AIM OF THE TASK.
Below are entries; output exactly the lines from the one with "Colorate case a" to the one with "Building Photo - Beautiful", both included, and nothing else.

INFORMATION GIVEN.

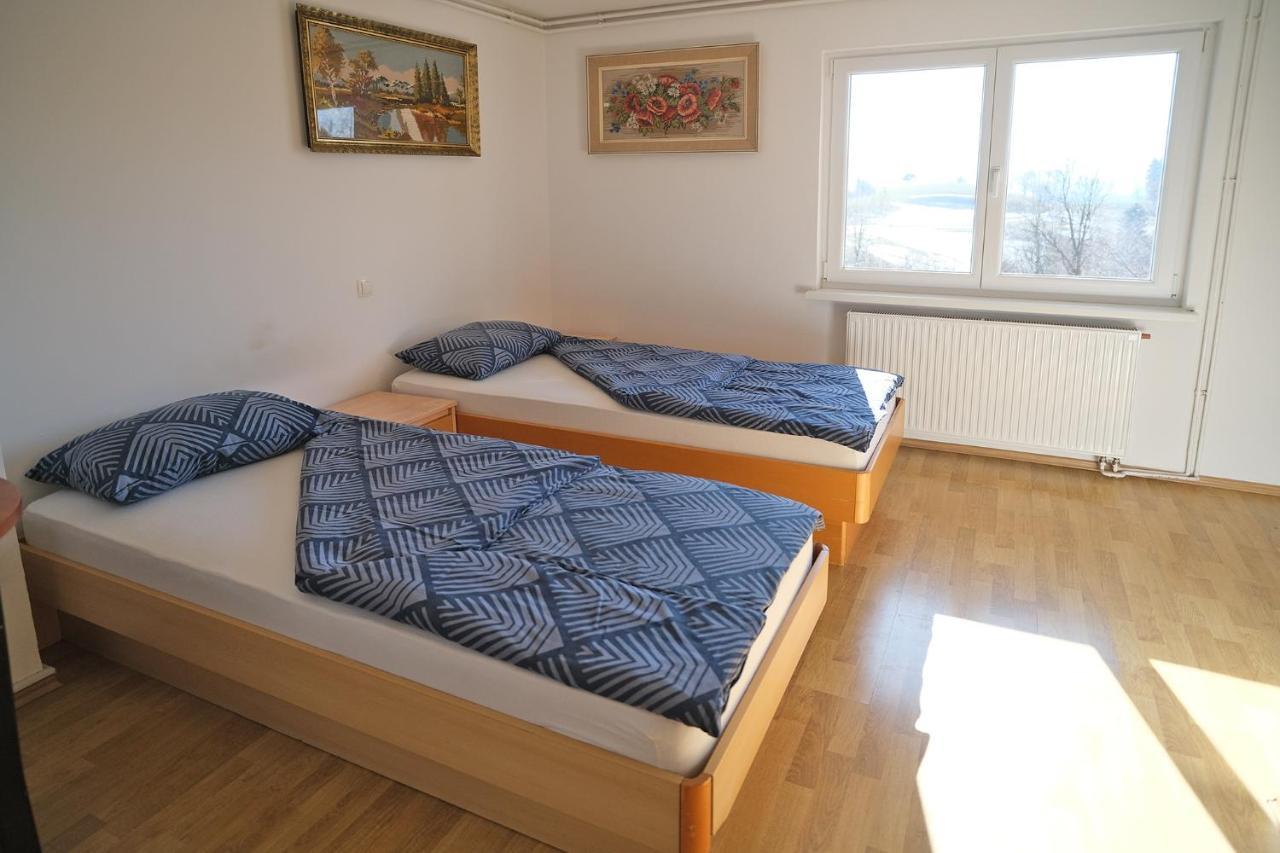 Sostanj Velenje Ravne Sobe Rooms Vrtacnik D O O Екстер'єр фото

---

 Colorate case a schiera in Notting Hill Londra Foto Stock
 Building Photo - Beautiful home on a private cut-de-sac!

EXERCISE RESULT.
 Colorate case a schiera in Notting Hill Londra Foto Stock
 Building Photo - Beautiful home on a private cut-de-sac!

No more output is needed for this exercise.